Karadeniz’de doğa için mücadele

Birgün gazetesinden Demet Sargın, CHP Doğa Haklarından Sorumlu Genel Başkan Yardımcısı Gülizar Biçer Karaca ile geçen haftalarda Karadeniz Bölgesi’nin ekolojik sorunlarına dair yaptığı çalışmaları ve CHP’nin çevre politikalarını konuştu. Röportajda AKP’nin iktidarının devamını sağlamak için doğa alanına saldırılarını giderek artırdığını ifade eden Karaca, CHP’nin tüm yaşanan sorunlara dair çözümü çevre mücadelesi veren gruplarla birlikte bulmak istediğini söyledi.
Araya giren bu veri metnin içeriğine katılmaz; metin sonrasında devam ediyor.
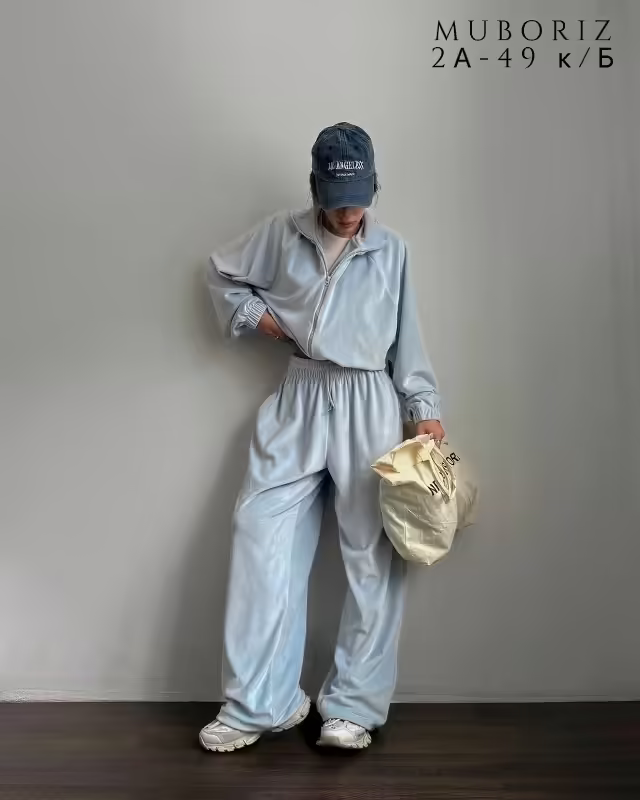 Бомбические женские костюмы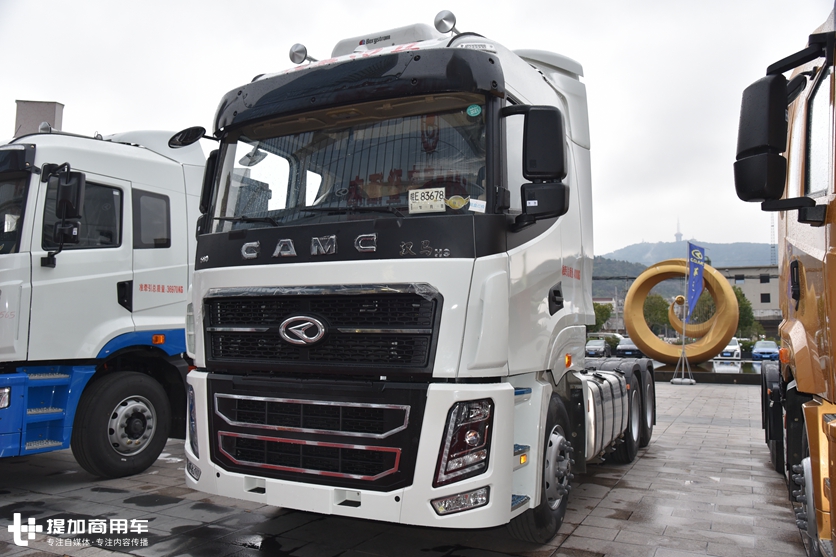 2020款华菱汉马H9旗舰牵引车实拍,带您好好看看又有哪些升级改进 - 第1张 - 提加商用车网 2020款华菱汉马H9旗舰牵引车实拍,带您好好看看又有哪些升级改进 - 第1张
Karaca bölgedeki maden ve HES inşaatlarına dair şunları söyledi:

“Madenler özellikle Doğu Karadeniz’in çok büyük bir sorunu. Artvin’de 25 yıllı aşkın süre tüm şehrin tek vücut olarak direndiği Cerattepe Madeni, AKP’nin inşa ettiği baskı rejiminden güç alan bir şirket tarafından çalıştırılmaya başladı. Millete küfredecek kadar pervasız bir şahsın insafına terkedilen Artvin’de başlayan çalışmaların ormanlara, derelere verdiği zararı gözlerimizle gördük, maden sahasına girip oradaki durumu yerinde inceledik. Artvinliler sadece o bölgenin değil ülkemizin de en değerli ormanlarında yaratılan tahribatın gelecekte daha da büyüyeceğinden haklı olarak endişeliler. Kapalı ocak bakır madeni olarak başlayan çalışmaların altın madenine dönüşeceği ve sadece Cerattepe’yi değil, Genya Dağı’nı da içine alacak bir noktaya varabileceğine dair endişe temelsiz değil çünkü; şirkete 4406 hektarlık bir alan için ruhsat izni verilmiş durumda, işletme hakkı ise şimdilik 240 hektara genişletilmiş. Maden tüm ruhsat alanına yayılırsa Artvin artık yaşanmaz bir hale gelecek, zaten AKP’nin amacının da bu olduğu açık bir şekilde görülüyor. Baraj ve maden projeleriyle insansızlaştırılmak istenen Yusufeli ilçesi Artvin’in geleceği açısından bize çok önemli ipuçları veriyor. Baraj projesiyle 19 köyle birlikte verimli tarım arazileri sular altında kalacak ve ciddi miktarda kamulaştırma yapılıyor. Her deresinde mikro HES’lerin bulunduğu Yusufeli ilçesi, hiç bir ekonomik getirisi olmayacak baraj ve HES inşaatları nedeniyle ciddi göç veriyor. İnşa edilen yeni yerleşimlerin baraj altında kalacak köylerin ihtiyacını karşılaması mümkün görünmüyor. Boşaltılan köylerdeki 5000 konut yerine 2000, 600 esnaf içinse 100 dükkan inşa ediliyor. Yakın zamanda 30 bine yakın göç veren ilçe 22 bin nüfusa düşmüş. Zengin maden sahalarının bulunduğu bilinen bölgede pek çok sondaj çalışması sürerken maden projeleri masada bekliyor. Bu projelere karşı oluşacak toplumsal tepkiyi en aza indirmek içinse ilçenin insansızlaştırıldığını düşünüyoruz ayrıca dev baraj inşaatının yanlış projelendirme sebebiyle gövdesinde çatlamalar olduğu iddiaları da kulağımıza geldi. Tüm bu iddiaları, araştırılması için TBMM gündemine taşıyacağız.”